Il carattere insostituibile ed esclusivo del mantenimento dei figli in capo ai genitori esclude il venir meno dello stesso sia nell'ipotesi in cui ricorra l'ipotesi della convivenza more uxorio sia nell'ipotesi dell'ingresso del figlio naturale nella famiglia legittima di uno dei genitori (art. 252 cc). Ma può sussistere una ipotesi particolare in cui il figlio nato da una precedente unione e inseritosi nella nuova famiglia legittima del genitore benifici di un contributo economico, nel senso che questo beneficio è da intendersi in sostanza come un diritto. Si tratta dell'ipotesi un cui il genitore e il proprio coniuge abbiano costituito un fondo patrimoniale ex art. 167 e seguenti cc. Secondo una certa dottrina, la quale, evidentemente, propone una interpretazione estensiva, tra i soggetti beneficiari dei frutti del fondo andrebbero contemplati anche i figli naturali di uno dei coniugi, se conviventi o nati prima della costituzione del fondo patrimoniale . Si afferma anche, considerata la finalità normativa del fondo patrimoniale, ovvero il soddisfacimento dei bisogni della famiglia, che il mantenimento e il soddisfacimento delle esigenze del figlio naturale nato da altra unione, sia esso stesso un bisogno del genitore coniuge. Chi scrive ha invece affermato che se tale genitore dispone di propri autonomi e adeguati mezzi economici, a prescindere dalla convivenza e del momento della nascita, egli solo deve provvedere alle esigenze del figlio . Discorso diverso può essere effettuato se lo stesso manchi di tali mezzi. In questo caso, in effetti, pare possa sostenersi che quello di tale coniuge diventerebbe un vero e proprio bisogno che potrebbe essere soddisfatto con i proventi del fondo.
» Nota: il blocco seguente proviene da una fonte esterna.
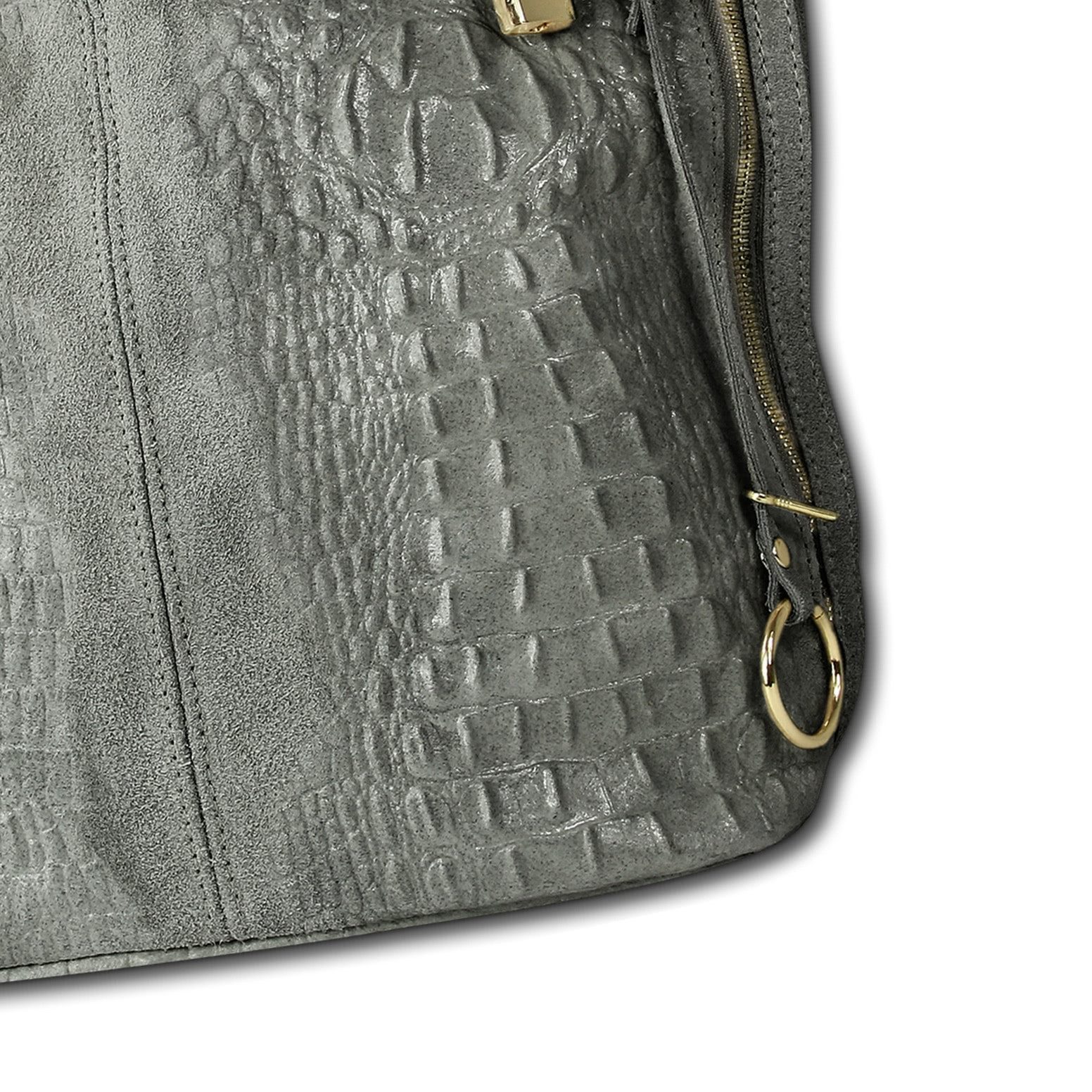 Toscanto Beuteltasche Toscanto Tasche Kroko-Prägung grau Leder (Beuteltasche), Damen Leder Beuteltasche, Shopper, grau ca. 41cm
Ma a ben vedere questa ipotesi dovrebbe coprire la mancanza di mezzi del coniuge con cui vive il figlio, non la sfera di obblighi sussistenti in capo all'altro genitore. Ma se i frutti ricavati dai beni compresi nel fondo patrimoniale fossero di notevole entità? In questo caso ciò può incidere almeno sulla misura del contributo dell'altro genitore?